Una sombra siniestra rodea su vida y su obra. Como si lo único que quedara de él fuese misterio, la sombra de un hombre que vivió sitiado, que escribió un libro blasfemo que ni siquiera firmó con su nombre y que se convirtió en un mito en muerte.
El Conde de Lautréamont, el autor, y Los cantos de Maldoror, la obra, se han fundido en uno con el tiempo a tal punto que la historia del escritor parece ser tan demoníaca como la de sus poemas.
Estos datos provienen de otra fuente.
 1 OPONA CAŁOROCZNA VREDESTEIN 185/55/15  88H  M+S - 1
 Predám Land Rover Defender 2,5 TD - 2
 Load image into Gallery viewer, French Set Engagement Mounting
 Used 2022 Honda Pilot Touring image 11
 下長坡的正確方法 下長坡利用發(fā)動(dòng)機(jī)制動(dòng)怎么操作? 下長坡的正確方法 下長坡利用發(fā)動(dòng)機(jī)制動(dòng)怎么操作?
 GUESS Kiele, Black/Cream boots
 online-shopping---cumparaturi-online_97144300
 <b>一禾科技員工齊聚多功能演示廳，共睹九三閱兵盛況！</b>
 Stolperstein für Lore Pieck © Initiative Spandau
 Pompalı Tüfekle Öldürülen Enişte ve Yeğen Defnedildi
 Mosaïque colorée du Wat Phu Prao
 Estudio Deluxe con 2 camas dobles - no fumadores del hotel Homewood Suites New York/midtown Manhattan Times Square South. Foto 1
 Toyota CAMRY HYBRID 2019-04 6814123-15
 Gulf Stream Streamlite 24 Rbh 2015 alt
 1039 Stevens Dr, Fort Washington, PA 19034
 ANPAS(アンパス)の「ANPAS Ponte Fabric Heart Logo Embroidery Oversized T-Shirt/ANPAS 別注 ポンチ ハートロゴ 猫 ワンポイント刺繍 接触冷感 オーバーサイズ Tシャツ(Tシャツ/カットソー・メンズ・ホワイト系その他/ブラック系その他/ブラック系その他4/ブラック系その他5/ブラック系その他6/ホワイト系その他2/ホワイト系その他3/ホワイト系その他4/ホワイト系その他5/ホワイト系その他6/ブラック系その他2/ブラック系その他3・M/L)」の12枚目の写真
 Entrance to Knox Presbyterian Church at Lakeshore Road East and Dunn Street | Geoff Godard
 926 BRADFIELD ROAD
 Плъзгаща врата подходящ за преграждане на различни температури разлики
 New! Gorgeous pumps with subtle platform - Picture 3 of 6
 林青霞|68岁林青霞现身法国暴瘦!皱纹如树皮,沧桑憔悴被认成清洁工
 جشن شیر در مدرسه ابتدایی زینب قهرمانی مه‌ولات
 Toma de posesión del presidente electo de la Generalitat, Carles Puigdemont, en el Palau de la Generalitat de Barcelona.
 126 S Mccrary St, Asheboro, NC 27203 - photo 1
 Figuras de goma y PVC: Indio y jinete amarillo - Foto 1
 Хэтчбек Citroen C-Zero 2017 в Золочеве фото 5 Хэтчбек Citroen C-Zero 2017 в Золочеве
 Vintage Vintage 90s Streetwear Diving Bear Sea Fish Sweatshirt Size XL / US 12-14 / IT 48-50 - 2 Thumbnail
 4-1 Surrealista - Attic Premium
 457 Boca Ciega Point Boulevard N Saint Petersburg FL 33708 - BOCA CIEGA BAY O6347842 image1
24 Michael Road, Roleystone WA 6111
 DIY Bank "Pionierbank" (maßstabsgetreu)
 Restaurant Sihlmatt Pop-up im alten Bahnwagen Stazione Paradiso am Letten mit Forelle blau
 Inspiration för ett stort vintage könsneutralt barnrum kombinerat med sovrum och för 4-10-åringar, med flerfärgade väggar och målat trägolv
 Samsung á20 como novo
La figura del Conde es la de un hombre sumergido en una espesa neblina, que con los años se ha ido disipando pero que aún perdura. Se ha investigado y escrito sobre él, sobre todo a partir de su resurgimiento, a inicios del siglo pasado, cuando su obra y figura fue restacada por los surrealistas.
Cuando Paul Verlaine publicó en 1884 su ensayo Los poetas malditos creó un canon de la literatura, una categoría en la que incluyó a Tristan Corbière, Arthur Rimbaud, Stéphane Mallarmé, Marceline Desbordes-Valmore, Auguste Villiers de L’Isle-Adam y así mismo. En la obra se recorre tanto el estilo de su poesía como historias personales de cada uno. De Lautréamont, ni una palabra y sin dudas ingresa en esta categoría de manera mayúscula.
Bautizado como Isidoro Ducasse, nació en Montevideo, Uruguay, hace ya 175 años; hijo de François, un hombre distante y frío que se desempeñaba como canciller delegado del Consulado General de Francia en el país sudamericano, y Celestina Davezac, que falleció antes de que tuviera dos años.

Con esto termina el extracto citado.